Adam estava apenas com suas calças, já surradas. As correntes prateadas prendendo seus pés ao chão e as mãos uma a outra. Seis noites haviam se passado desde que perseguiu e confrontou o pai, apenas para descobrir que sua nova condição o tornou incapaz de tocar nele. Não era uma ameaça ao monarca, pelo contrário. Naquele momento, era apenas um prisioneiro cuja existência dependia da boa vontade dele. Algo extremamente humilhante.

Ele sentiu sede, cada vez mais intensa. Sede essa que já sabia não poder ser saciada com água ou bebida forte. Era sede de vida. Algo profano, que o fez lembrar-se de suas já tantas vítimas em tão curto tempo. Lágrimas molharam seu rosto, mais ainda quando lembrou do prazer que sentiu ao fazê-lo. Quando seus instintos de predador assumiram o controle.

Adam não tinha companhia alguma em seu enclausuramento. E como não precisava de alimentos ou tinha necessidades físicas comuns, pouco trabalho dava a seus carcereiros. Por isso mesmo, nunca os via. Adam sabia que todos os dias eles vistoriavam sua cela, mas por conta do sono diurno a que estava condenado, não testemunhava tais momentos.

Vez por outra ouvia seus passos pelos corredores próximos. As vezes alguma conversa ou risos, mas nenhuma palavra sequer dirigida a si.
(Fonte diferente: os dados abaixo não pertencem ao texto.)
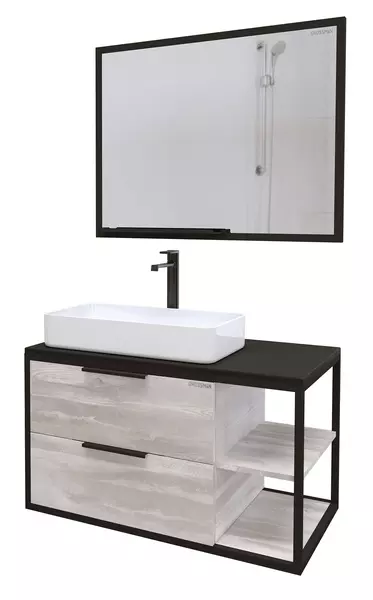 Мебель для ванной подвесная «Grossman» Лофт 90 шанико/чёрная - фото 1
E então, na sexta noite, sons de diferentes passos quebraram por fim o silêncio. Algo de madeira tocando o chão no mesmo ritmo de um caminhar vagaroso, lembrando uma bengala. Adam fez questão de limpar as lágrimas vermelhas antes de ser visto, buscando aparentar o máximo de dignidade possível.

Quando o visitante se fez visível, ele não pôde esconder a surpresa. Era um homem muito velho, como raramente se via, aparentando estar na casa dos setenta anos. Vestia roupas clericais, apoiando-se na bengala ricamente ornamentada e andando com a dificuldade que o peso da idade lhe impunha. Seu olhar era pesaroso como o de um avô que observasse um neto posto de castigo.

— Sua alteza Adam Tepes, me dói o coração vê-lo nessas condições.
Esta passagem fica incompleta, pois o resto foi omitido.